Even if your French is just vaguely schoolroom standard, have a go at this:
https://fr.m.wikipedia.org/wiki/Monument_aux_morts_pacifiste
[I’m highlighting just a few of those monuments on my FB page this week, with translations, if I am permitted to self-aggrandise.]
I am pleased to see so many white poppies out this year.
I have always personally treated remembrance day as a time to consider the horrors of war and why peace is desirable, not just remember the dead. As I have grown up I have come to realise this was not a universally shared attitude, which came as rather a shock.
Thanks for sharing that article. I am part French, and it is always interesting seeing how different political and social approaches have been. It’s about time we had more explicitly pacifist war monuments in the UK, or more recognition of ones that already carry messages of peace if they are not well noticed.
I am with you
I never met a grandfather who died in the wt
I never saw a reason to celebrate that
I saw it as a reason for reflection
Stoodley Pike near Hebden Bridge in West Yorkshire has a tower on top devoted to peace after the Napoleon and Crimean wars.
LonM wrote: “I have always personally treated remembrance day as a time to consider the horrors of war and why peace is desirable, not just remember the dead. As I have grown up I have come to realise this was not a universally shared attitude, which came as rather a shock.”
Ever since I read ‘All Quiet on the Western Front’ as a teenager I have believed it should be on the syllabus for compulsory reading for all teenagers world-wide. It won’t stop military aggression – as long as there are professional soldiers (and testosterone and short tempers) there will be conflict – but it would surely convince lots of readers of the futility and savagery of war. Over time that alone might reduce the slaughter of countless innocents.
I read it at school. It was profoundly shocking in a positive way.
i used the film All quiet on the Western Front ( the 1980s one) with year 9’s when I taught the First World War.
Today is the 5th anniversary of Patel resigning after she had had secret talks with Israeli officials when May was PM. Just a strange little snippet of information for you all.
May asked her to resign because her actions fell below the expected standards.
No chance of Sunak sacking Braverman for that reason. He’d have to sack the whole front bench.
And himself. Can a PM sack himself?
I presume a PM sacks himself by calling a general election.
Even if not banned, and however peaceful, it will be reported as disorderly.

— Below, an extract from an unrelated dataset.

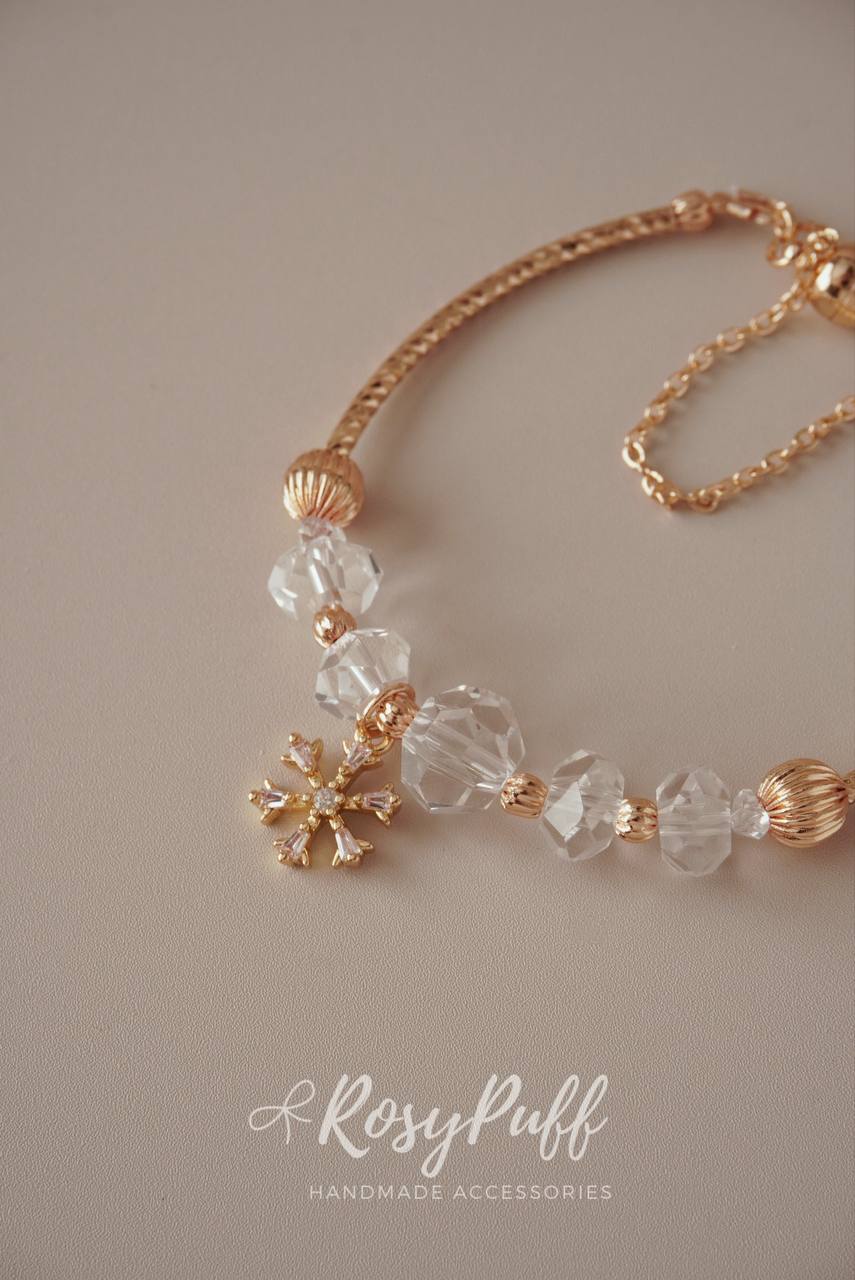 Icy Sparkles Bracelet In Gold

We know that already from Sunak threatening to hold the police ‘accountable’, which is clearly a signal to his press owning friends, and from what we know of the rest of ‘our’ media.
The protest is definitely getting a lot more publicity than it would have done before Sunak and Braverman interfered. I think it might be the biggest march yet.
If The Government decides to ban the march will Rowley resign?
That might be interesting
It will be
Richard – we are at a very critical juncture.
Will you be attending the march?
No
By the weekends I am out of energy
Sorry – but that’s not how I contribute
I am pretty much on call 15 hours a day here – I can do no more
Yes that’s understandable and believe me your contribution through blog, articles, posts, academic papers, research etc is hugely appreciated and very much required in these extremely difficult and very sinister times.
I was just thinking that attending the march would give an opportunity for your work to be exposed to a whole new and receptive audience and give you a chance to reach out to them, that’s all.
Thanks
Understood
But I would not seek to be more than one more person
I am sick of hearing that our troops that died ‘made the ultimate sacrifice’. In WW2 there was conscription so they were compelled to go to war and many were killed but it does not mean that they wanted to volunteer their own deaths.